House debates
Wednesday, 24 September 2008
Families, Housing, Community Services and Indigenous Affairs and Other Legislation Amendment (Further 2008 Budget and Other Measures) Bill 2008
Second Reading
6:05 pm
Mrs Bronwyn Bishop (Mackellar, Liberal Party) Share this | Hansard source
In rising to speak on the Families, Housing, Community Services and Indigenous Affairs and Other Legislation Amendment (Further 2008 Budget and Other Measures) Bill 2008, I first want to speak to the part of it dealing with the immunisation provisions, particularly as they apply to adopted children. During the last parliament, I chaired the House of Representatives Standing Committee on Family and Human Services, and we brought down a most important report entitled Overseas adoption in Australia.
One of the recommendations that we made—and I am very pleased to see that it was referred to in the second reading speech—was that:
The Minister for Family and Community Services amend the eligibility criteria for the maternity immunisation allowance in the case of children adopted from overseas so the eligibility period is two years after the child’s entry to Australia.

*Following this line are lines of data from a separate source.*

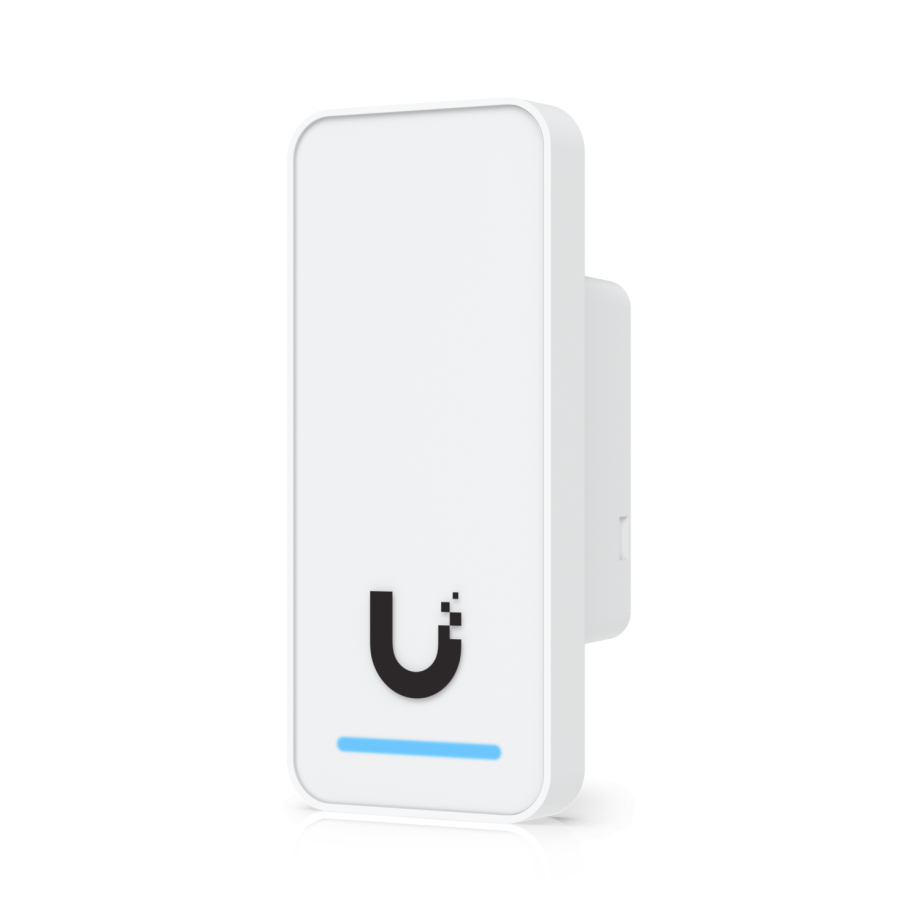 Ubiquiti G3 Starter Kit Pro – תמונה 9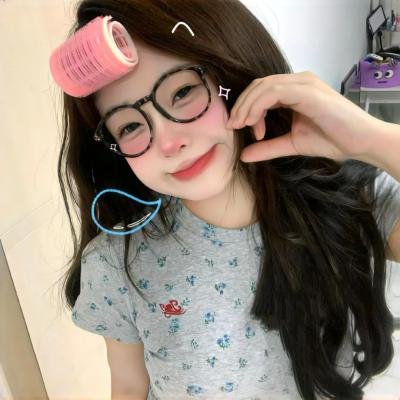 枕边凶灵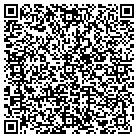 QR code with Adjusters International Inc contacts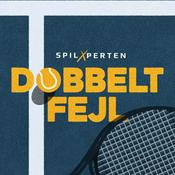 Podcast Dobbeltfejl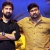 Chiranjeevi-Bobby film to take off at this time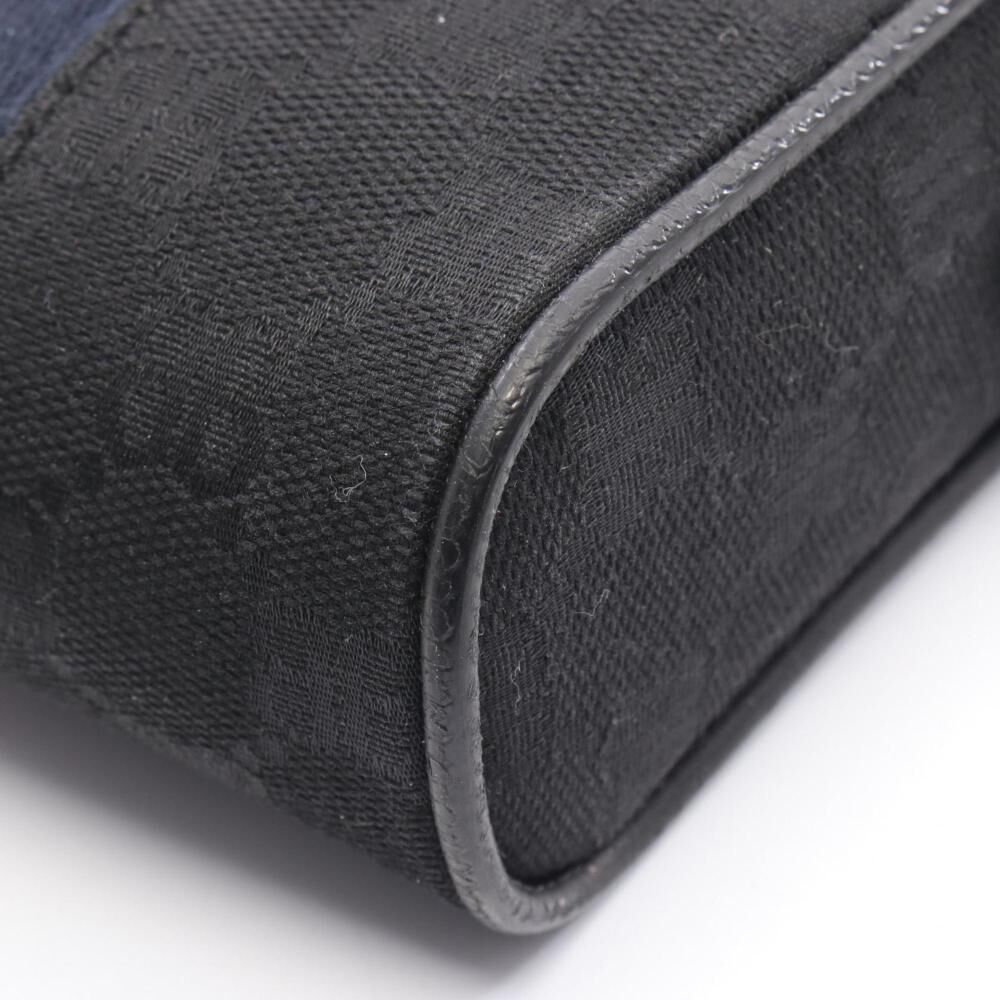 Balenciaga Shoulder Bag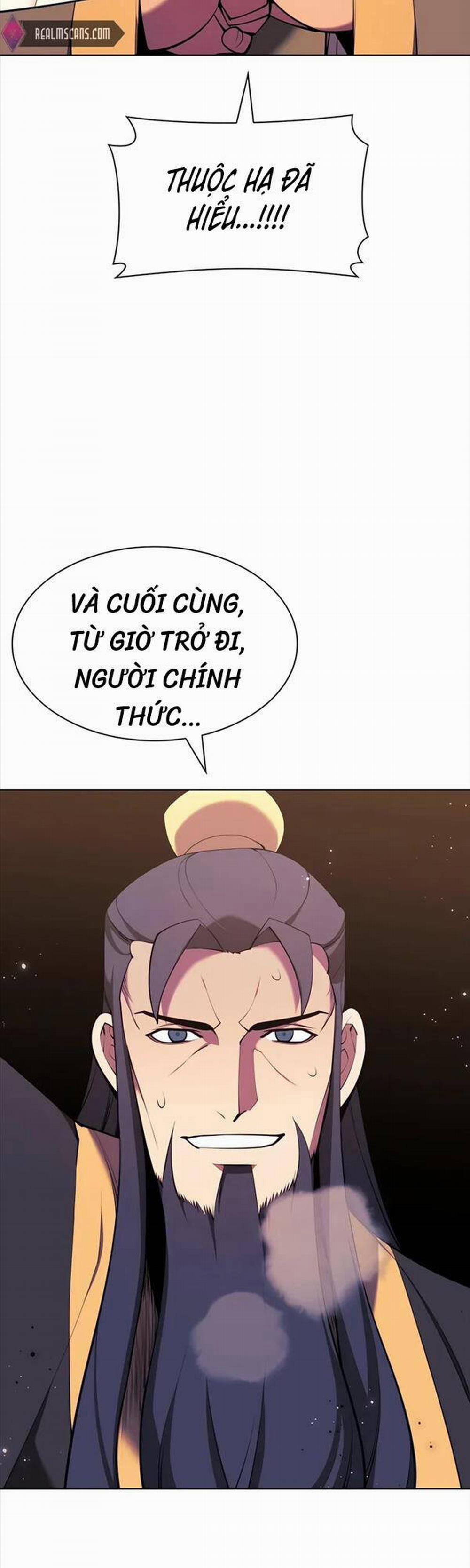 Học Giả Kiếm Sĩ 68 trang 2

The reason we made that recommendation is that obviously some children were adopted when they were older, and also there were some children for whom the adoption actually took place in another country before they came to Australia, such as those coming from China. It was a great inequity—one of a number that we identified in that report.
We also made some very serious recommendations to make it easier for Australian couples to go through the process of being vetted and having their files sent to countries where we have adoption agreements. We recommended that the Department of Foreign Affairs and Trade take over the negotiations of adoption agreements between Australia and other countries instead of the piecemeal way in which this process had been conducted for years, whereby various states had different responsibilities for various countries or, more specifically, for particular orphanages or agencies within that country. It was a most inefficient and unfair way of dealing with things. The degree of fear that was encountered by many people who were wishing to become adopting parents was such that some of them pulled out of giving evidence to our inquiry for the simple reason that they thought their file might be lost or pushed under the desk and that they would not be assessed in a timely way.
There is a great yearning of parents and would-be parents in Australia to give love and comfort to children whom they adopt from overseas. The committee was of the very firm view that adoption was a legitimate way of forming or adding to a family but that this was against what it found existed in the bureaucracy, which was an anti-adoption attitude. Hopefully, largely from the former government’s acceptance of this report and also from this government’s implementation of many of the sections of the report, we will see those children who are able to come to this country have love in their lives and an expectation of a good life fulfilled.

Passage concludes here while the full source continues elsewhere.